• To do:
Could you give the number of lines in the entries below that contain the word "Black"? Only the number is wanted.

[Collected data]
- - -

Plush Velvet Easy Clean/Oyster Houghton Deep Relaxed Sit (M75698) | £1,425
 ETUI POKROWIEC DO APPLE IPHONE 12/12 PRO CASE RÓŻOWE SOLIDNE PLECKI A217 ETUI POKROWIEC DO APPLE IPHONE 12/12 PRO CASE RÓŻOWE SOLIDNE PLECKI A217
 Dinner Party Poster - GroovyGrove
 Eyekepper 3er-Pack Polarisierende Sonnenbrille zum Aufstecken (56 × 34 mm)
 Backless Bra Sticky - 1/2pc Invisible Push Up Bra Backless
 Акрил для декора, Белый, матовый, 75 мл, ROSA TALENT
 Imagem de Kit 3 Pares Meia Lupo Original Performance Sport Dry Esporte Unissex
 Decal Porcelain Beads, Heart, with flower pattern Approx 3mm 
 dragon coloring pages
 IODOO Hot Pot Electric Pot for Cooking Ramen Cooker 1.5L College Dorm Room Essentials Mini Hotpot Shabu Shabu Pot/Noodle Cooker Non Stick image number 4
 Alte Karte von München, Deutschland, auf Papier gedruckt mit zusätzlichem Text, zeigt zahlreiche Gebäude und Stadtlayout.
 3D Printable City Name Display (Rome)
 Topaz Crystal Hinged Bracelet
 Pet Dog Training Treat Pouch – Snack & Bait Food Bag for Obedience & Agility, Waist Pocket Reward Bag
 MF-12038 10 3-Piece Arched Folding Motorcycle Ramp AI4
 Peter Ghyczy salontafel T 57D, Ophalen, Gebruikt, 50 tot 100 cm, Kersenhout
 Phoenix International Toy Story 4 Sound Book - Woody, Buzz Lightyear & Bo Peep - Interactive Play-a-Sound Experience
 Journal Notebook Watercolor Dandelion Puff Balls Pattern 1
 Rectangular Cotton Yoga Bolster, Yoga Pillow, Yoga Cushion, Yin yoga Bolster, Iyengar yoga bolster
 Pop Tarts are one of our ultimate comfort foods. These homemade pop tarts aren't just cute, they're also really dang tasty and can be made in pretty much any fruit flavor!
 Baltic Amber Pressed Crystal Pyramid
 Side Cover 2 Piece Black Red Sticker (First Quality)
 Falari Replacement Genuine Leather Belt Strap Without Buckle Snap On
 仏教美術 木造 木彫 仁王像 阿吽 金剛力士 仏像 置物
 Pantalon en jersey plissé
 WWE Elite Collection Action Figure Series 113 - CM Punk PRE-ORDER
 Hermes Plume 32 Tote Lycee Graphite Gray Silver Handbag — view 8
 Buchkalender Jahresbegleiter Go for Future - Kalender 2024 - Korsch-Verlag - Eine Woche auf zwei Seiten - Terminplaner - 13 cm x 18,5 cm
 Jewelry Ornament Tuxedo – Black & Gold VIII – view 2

- - -

• Expected output:
2